Mais chez les directeurs, il est bien clair que quelque chose doit être fait pour assurer la survie de l’Exposition. Malgré l’expansion territoriale de 1962 et la construction de quelques granges, on ne réussit pas à attirer suffisamment d’exposants d’animaux et l’intérêt local ne cesse de diminuer. À l’assemblée annuelle de 1968, Louis Cormier rappelle que les prix offerts pour les compétitions des animaux ne sont pas assez élevés pour compenser tout le temps et tout le travail que l’exposant doit consacrer pour préparer ses animaux et les amener sur le terrain. Il ajoute aussi » que ce n’est pas intéressant parce qu’il n’y a pas assez de compétitions « .

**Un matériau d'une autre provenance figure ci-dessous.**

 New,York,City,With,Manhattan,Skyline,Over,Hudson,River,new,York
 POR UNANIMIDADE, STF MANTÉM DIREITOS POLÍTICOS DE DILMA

L’intérêt que Louis Cormier manifeste pour l’avenir de l’institution lui mérite la présidence dès l’assemblée annuelle de 1969. À la même occasion, le jeune enseignant et diplômé universitaire, Raymond Bernard, devient le nouveau secrétaire-trésorier de l’Association. Tous les deux sont du village de Saint-Philippe où pendant leur jeunesse ils avaient été membres actifs du Club 4-H et, à ce titre, avaient régulièrement participé à l’Exposition. Le leadership de ce jeune duo conduira l’Exposition vers une transformation importante, en commençant par son ouverture à tout le comté de Prince en 1970.